You will always get that with bounces because they can’t calculate the time spent on a page. I think it works out the time from the time of landing, to the time loading the next page. So if they only look at one page, you miss that data.
It is quite possible that the bouncers read the whole page and enjoyed the article, but also possible they thought it sucked and instantly hit “Back”, we cannot know when it’s a bounce.
Check the source, there is a lot of referral spam about, which can distort the figures on a low-traffic site. They are usually referrals from spammy sites, often with “SEO” or similar in the title.
Bots may also show direct in the source. That’s not to say all direct traffic is bots, but you are unlikely to get much direct traffic on an unknown site.
If it is indexed at all, people can find it. They could be genuine visitors. If you don’t have much content yet, that would explain the bounce rate. They are all in the USA which I guess is your target region. A lot of spam referrals come from places like Brazil for example, but they can come from anywhere in the world.
If the site is WIP you may want to keep it from the index until it’s ready:
I normally add that to WIP pages, just remember to remove it when you are done.
Bad crawlers may ignore this, but it can help stop “real” people stumbling over your unfinished work.
I don’t know what kind of site you’re referring to, but here’s a good explanation about bounce rates:
Most people get this wrong (including this thread). Bounce rate simply indicates the number of people who leave your site from the landing page without interacting. They don’t do anything recordable, they don’t check out other pages, they just leave. But as far as I’ve read, there’s no real time factor there. They could read the entirety of the content available from the home page, or they could leave in a second, after seeing the page load.

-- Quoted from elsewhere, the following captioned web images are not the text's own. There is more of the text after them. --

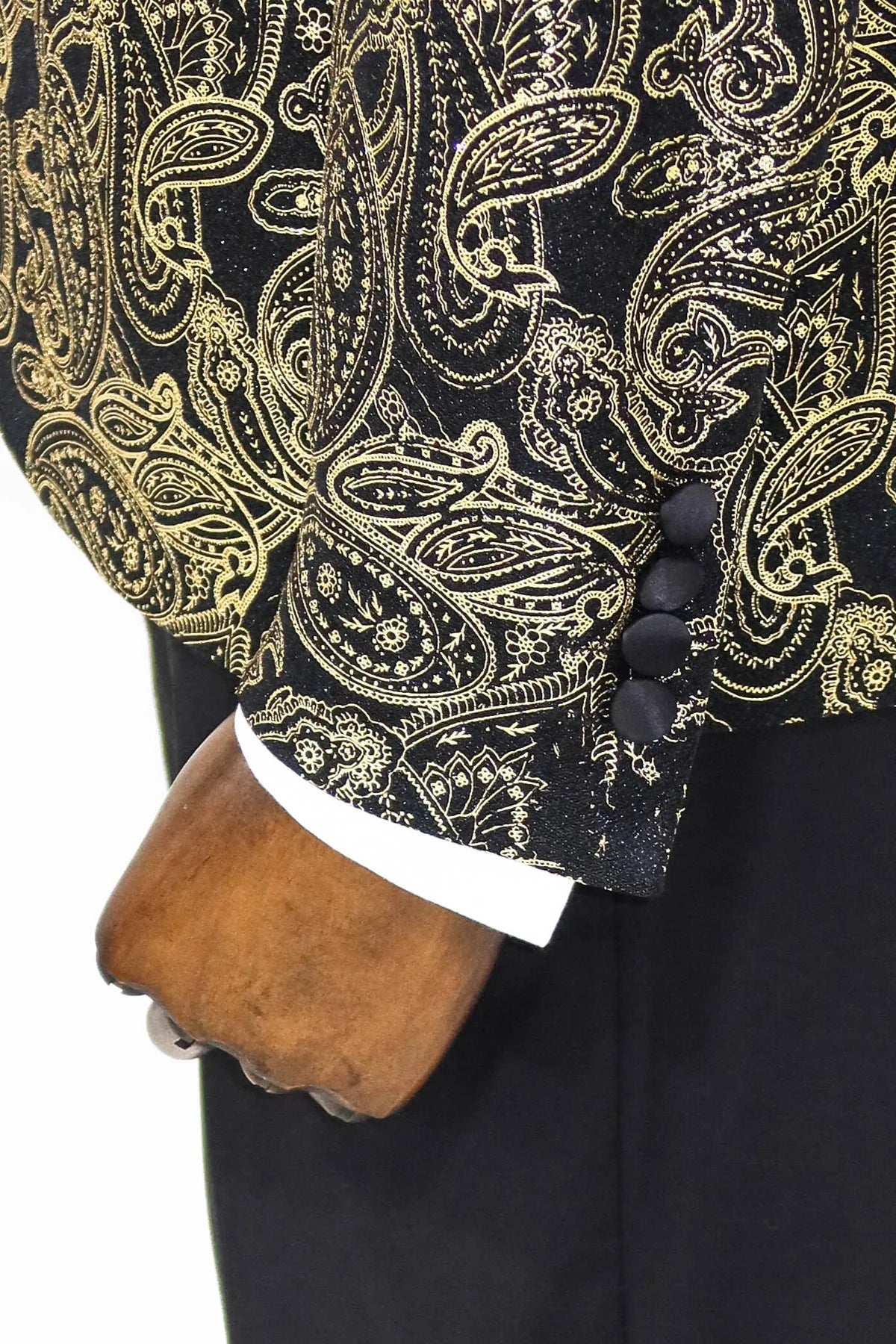 Golden Paisley Black Prom Blazer with Peak Lapel, perfect for proms and other formal events, available exclusively at KCT Menswear.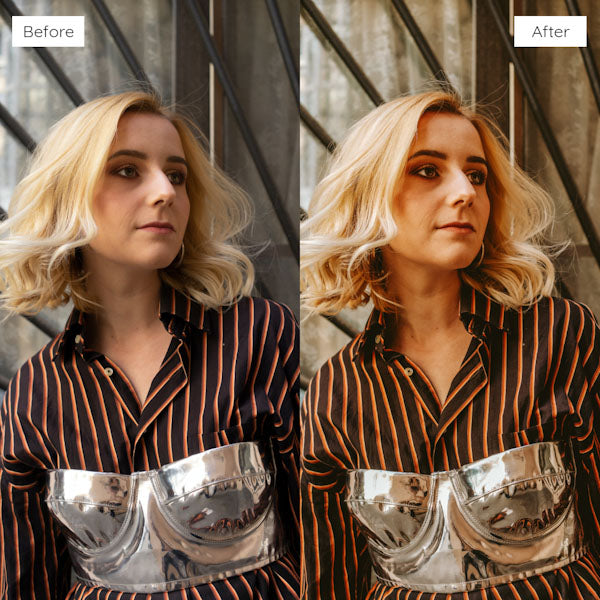 Before and after using Lightroom Presets to add vibrant and dynamic tones to an image.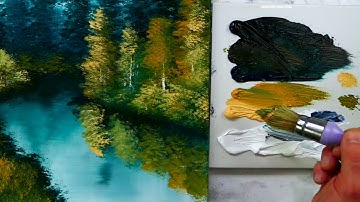 Quiet Brook | Landscape Art | Easy Painting for Beginners | Oval Brush Techniques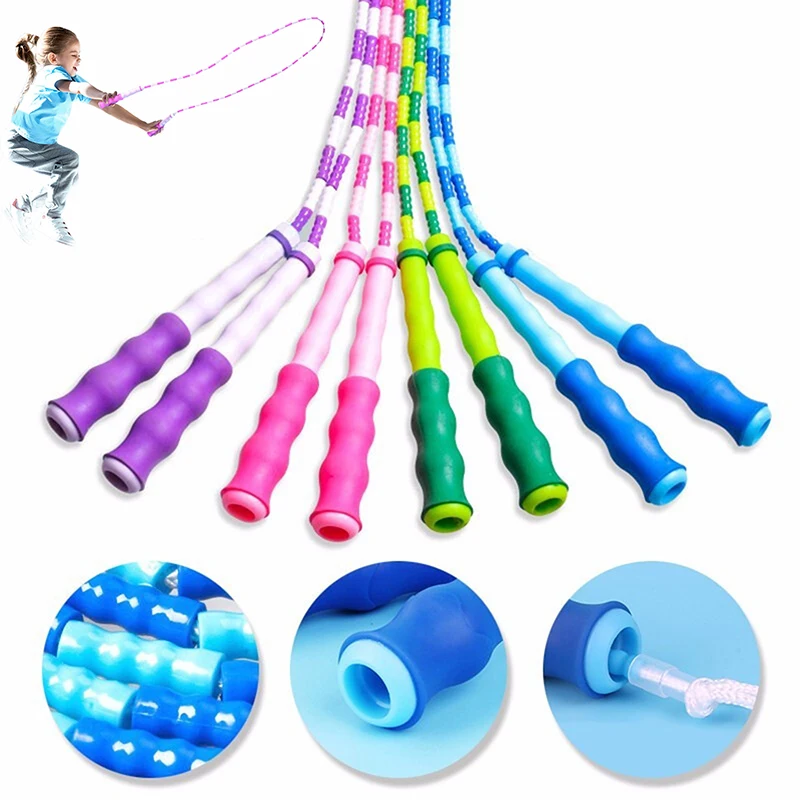 

Jump Rope beads Skipping Rope Yoga Soft Beaded Workout Jumping Non-slip Handle Sports 2.8m PVC Bamboo Joint Design Skipping Rope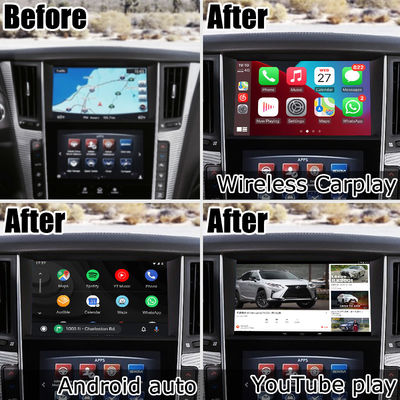 Giao diện GPS carplay, giao diện hộp điều hướng Android 11 8+128GB cho Infiniti Q50 / Q60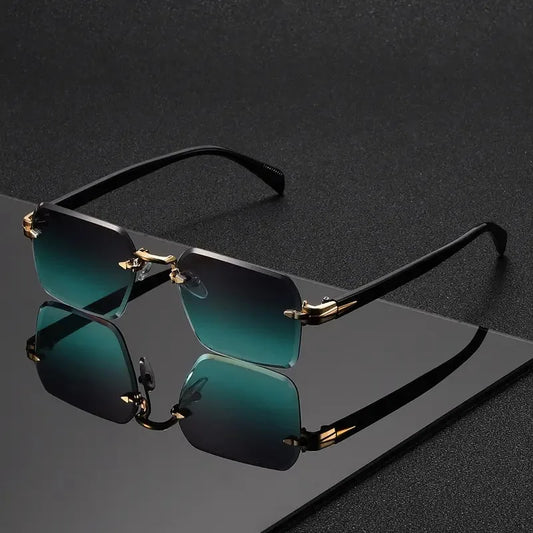 Randlose Rechteckige Sonnenbrille – Kleine Eckige Sonnenbrille für Damen und Herren, ideal für Sommer, Reisen und Alltag Kaufschwan® Grün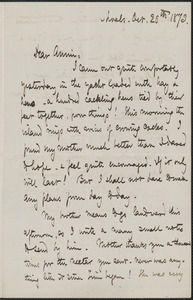 Celia Thaxter autograph letter signed to Annie Fields, Shoals, [N.H.], 20 October 1873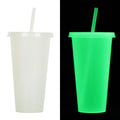 720ml luminous plastic sippy cup with straw for Halloween, cylindrical shape with purple/green glow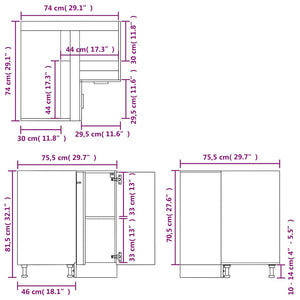 Γωνιακό Ντουλάπι "Lyon" Γυαλιστερό Λευκό 75,5x75,5x81,5 εκ. από Τεχνητό Ξύλο - Pakobazaar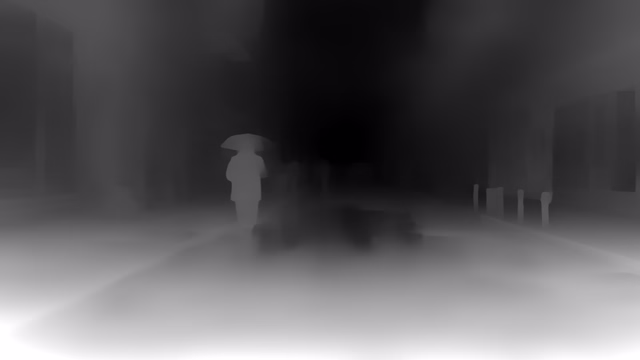 MiDaS 3.0 DPT-Large 384 depth map of Rainy night street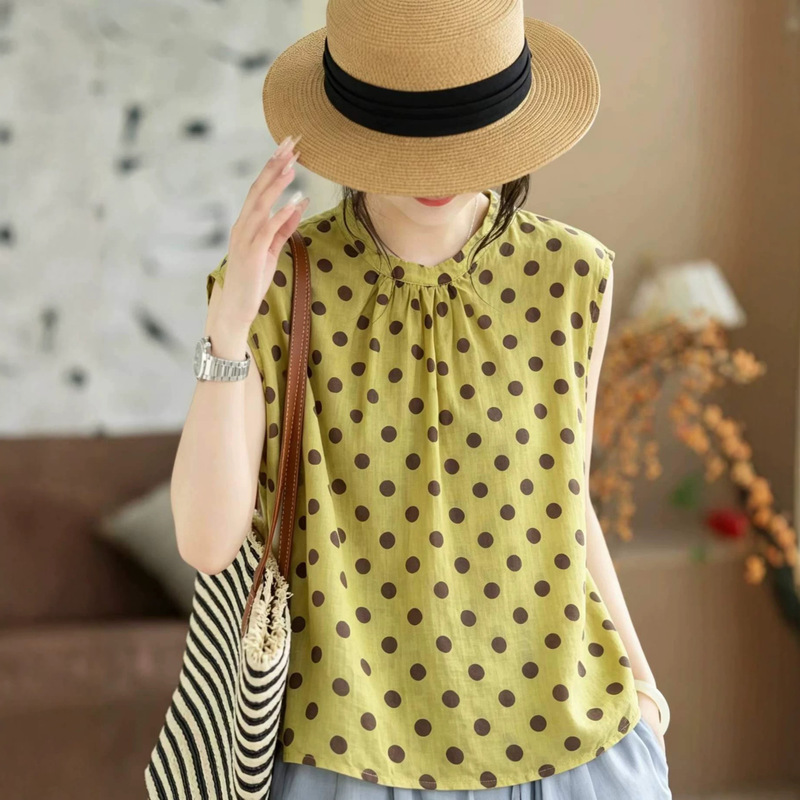 2026 Summer New Style Simple Polka Dot Print Vintage Ramie Shirt Loose Round Neck Pullover Inner Top for Women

So for example, if you have a one-page informational website for people with no CTA or other pages or gimmicks, your bounce rate for all visitors could be 100% and you’d have no reason to worry - it would just become a useless metric.
Back to the topic: Maybe those people simply arrived at your site and realized that they didn’t need/want it, or that it wasn’t the same place they’d thought, or wasn’t local enough, or any number of things? Or maybe they gleaned what they needed from that landing page?
Acquisition - All Traffic - Source/Medium
That will list all sources.
You can show Source as a Secondary Dimension in other views, Eg, in Location, click: Secondary Dimension - Acquisition - Source
That will show the sources from the different locations.
You can then take a look and see that some of the referral sources (or in some cases, nearly all of them) are dubious in nature. Using your own judgement, of course.
I like to filter them. Though it does not stop them visiting and using your bandwidth, it clears up the Analytics view.
It can be tiresome adding lots of filters, but you can use regex so it filters anything with “best-seo” or “for-your-website” etc…
Dumb question, but what is the best way to really learn how to use Google Analytics. I have never really been impressed with it, and that is probably due to my ignorance.